Following Cumhuriyets publishing of a small picture of the Muhammad caricature, a court in Turkey banned websites that published Charlie Hebdo. The newspaper received death threats and came under police protection.

A Spokesperson for the United States Department of State Marie Harf said the U.S. fully supported Charlie Hebdos right to publish the issue. Prime Minister of the United Kingdom David Cameron also supported it. Australian Prime Minister Tony Abbott said to an Australian radio station that while he didn't like everything the magazine published, "he rather like[d]" the cartoon on the cover, which he interpreted as a symbol of forgiveness.

On 15 January, Belgian police launched a fatal raid on terror suspects who were alleged to be plotting attacks on vendors selling the issue.

A Wiltshire Police officer asked a newsagent in Corsham for details on customers who bought the issue. When this came to public attention, the Wiltshire Police declared that they were seeking to defend the customers, and that the details gathered had been permanently deleted.

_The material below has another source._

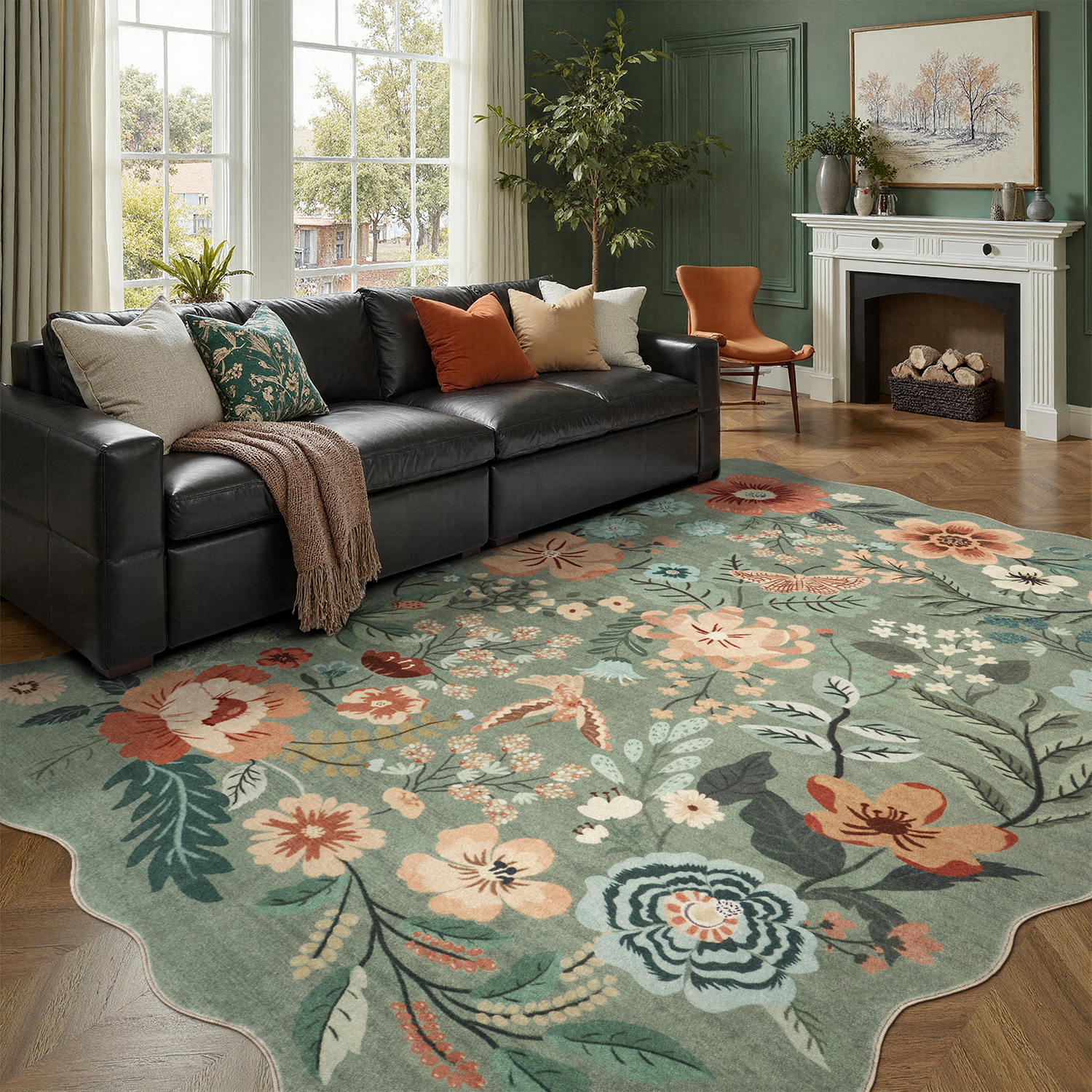 thumbnail video image 2 of 5x7 Washable Scalloped Green Rug, Non-Slip, Stain-Resistant Low-Pile Vintage Floral Rug for Dining Room, Living Room, office, Bedroom -Green, 2 of 9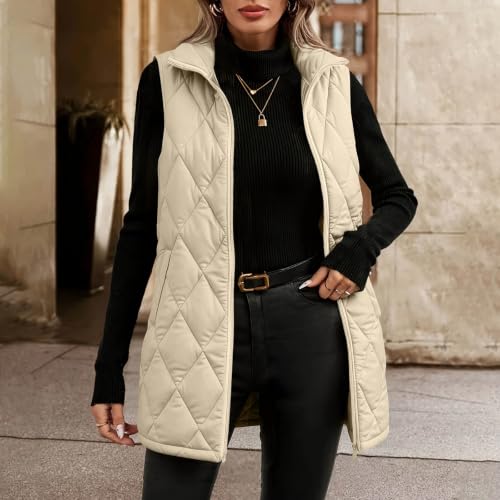 Puffer Vests for Women Diamond Quilted Zip Up Winter Jacket with Pockets - image 3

In Iran, the government responded to the cartoons by organizing a second annual Holocaust cartoon competition.

==== Violence ====
A newsagent in the English city of Oxford, himself a Muslim, abandoned plans to sell the issue after receiving threats of arson against his premises.

The publication sparked riots in Zinder, Niger, which resulted in five deaths. The city also experienced attacks on Christian-owned shops and a French cultural center was attacked when a crowd of 50 people set fire to its adjacent cafeteria, library, and offices. Muslim crowds demonstrating against Muhammad's depiction attacked and set alight French businesses and churches with incendiary devices in Niamey; and five deaths were reported. Burned churches were also reported in eastern Maradi and Gouré. According to police reports, at least 10 people were killed, more than 170 were injured, and 45 churches were burned.

Other demonstrations occurred in Algiers, Khartoum, Mogadishu, Afghanistan, and Indian-administered Kashmir. Pakistan saw violent demonstrations in Karachi. Asif Hassan, a Muslim Arab photographer working for the French news agency AFP, was seriously injured when he was shot in the chest. In Algiers and Jordan, protesters clashed with police, but there were non-violent demonstrations against the cartoon in Khartoum, Sudan, Russian Muslims in north Caucasus region of Ingushetia, and several other African countries – Mali, Senegal, and Mauritania.